=== Begin Enclosure ===
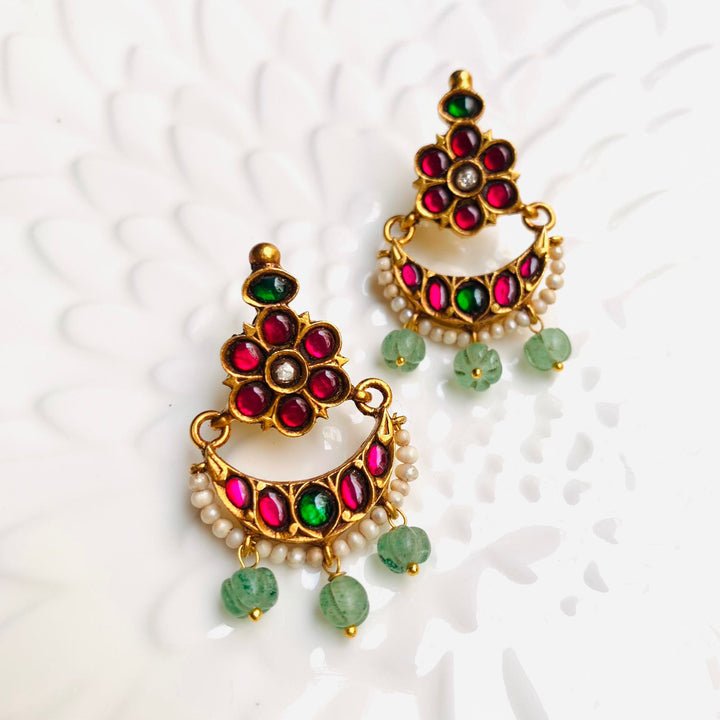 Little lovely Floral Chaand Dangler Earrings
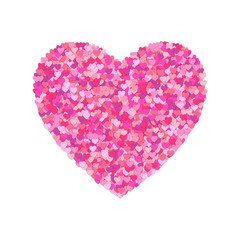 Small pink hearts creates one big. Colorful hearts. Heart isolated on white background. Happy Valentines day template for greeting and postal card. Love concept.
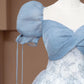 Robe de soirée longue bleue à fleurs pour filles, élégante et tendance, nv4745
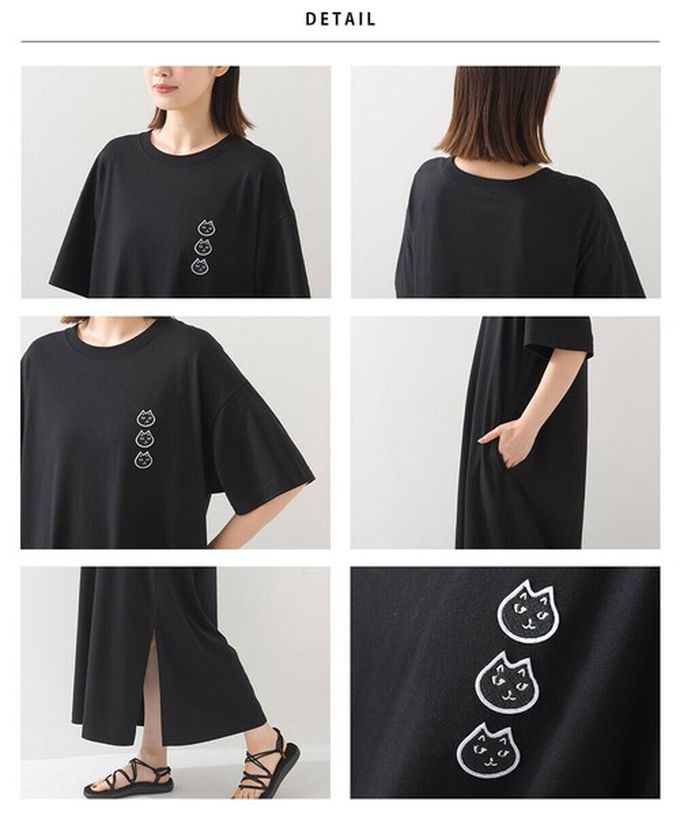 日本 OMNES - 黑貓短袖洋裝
=== End Enclosure ===
=== Begin Enclosure ===
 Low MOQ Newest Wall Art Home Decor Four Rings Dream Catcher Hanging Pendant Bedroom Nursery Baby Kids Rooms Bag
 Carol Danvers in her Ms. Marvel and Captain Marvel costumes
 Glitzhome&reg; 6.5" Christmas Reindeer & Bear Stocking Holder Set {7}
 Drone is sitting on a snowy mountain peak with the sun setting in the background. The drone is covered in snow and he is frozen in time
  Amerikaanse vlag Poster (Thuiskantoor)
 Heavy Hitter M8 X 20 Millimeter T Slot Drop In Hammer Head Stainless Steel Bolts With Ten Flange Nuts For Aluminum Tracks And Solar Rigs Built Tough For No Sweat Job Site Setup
=== End Enclosure ===
=== Begin Enclosure ===
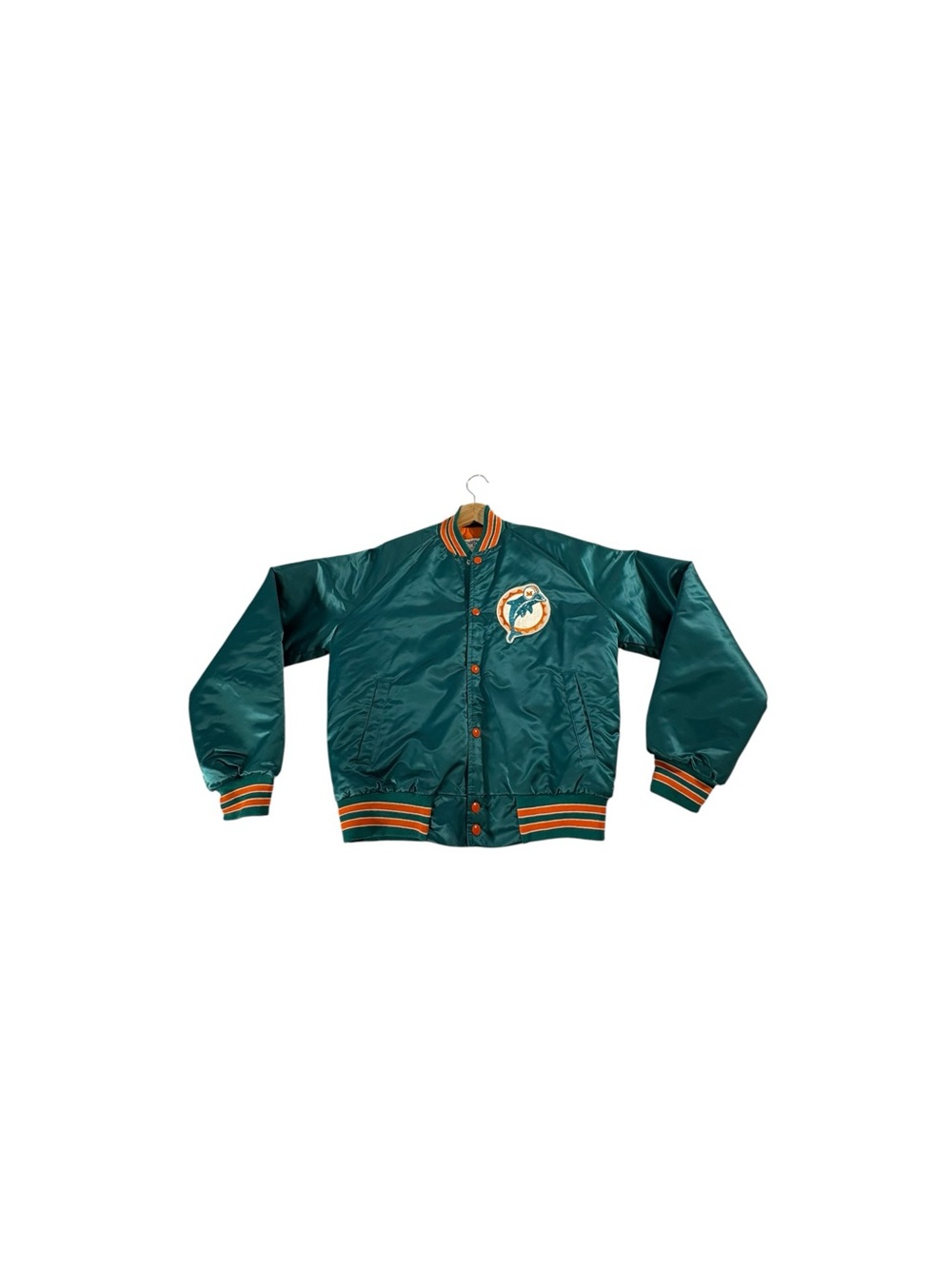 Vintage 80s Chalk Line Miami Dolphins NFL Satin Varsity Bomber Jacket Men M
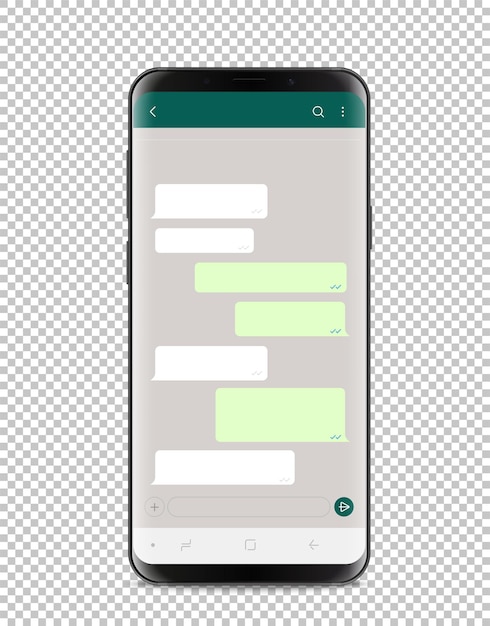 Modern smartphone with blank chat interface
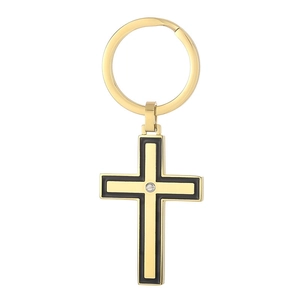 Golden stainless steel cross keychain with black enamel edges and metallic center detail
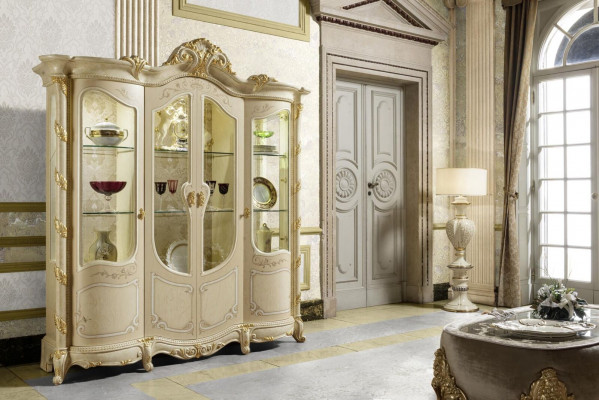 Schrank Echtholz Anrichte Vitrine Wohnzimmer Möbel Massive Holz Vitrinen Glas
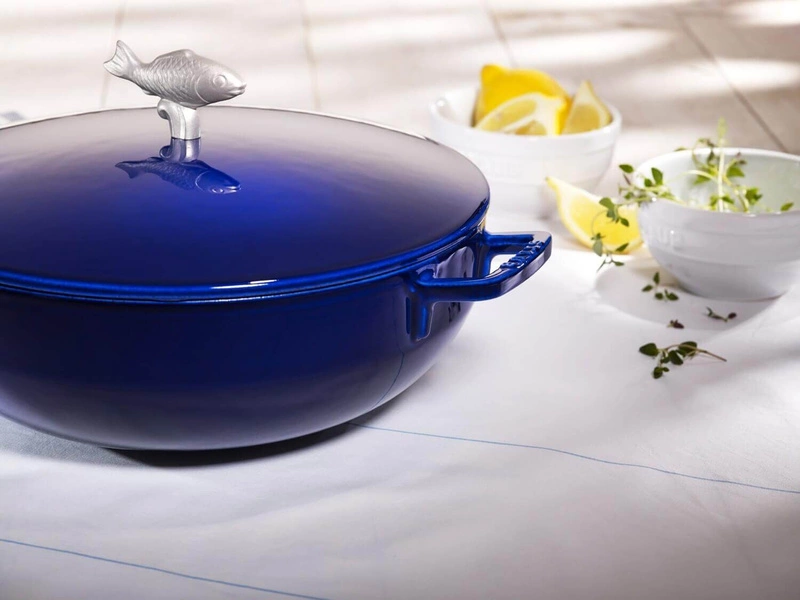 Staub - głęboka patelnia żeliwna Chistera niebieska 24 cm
=== End Enclosure ===
ACTIVITY: Among the records above, repeat exactly the line with "Drone is sitting", the line with "Heavy Hitter M8", and every line in between, and only those.

EXERCISE ANSWER:
 Drone is sitting on a snowy mountain peak with the sun setting in the background. The drone is covered in snow and he is frozen in time
  Amerikaanse vlag Poster (Thuiskantoor)
 Heavy Hitter M8 X 20 Millimeter T Slot Drop In Hammer Head Stainless Steel Bolts With Ten Flange Nuts For Aluminum Tracks And Solar Rigs Built Tough For No Sweat Job Site Setup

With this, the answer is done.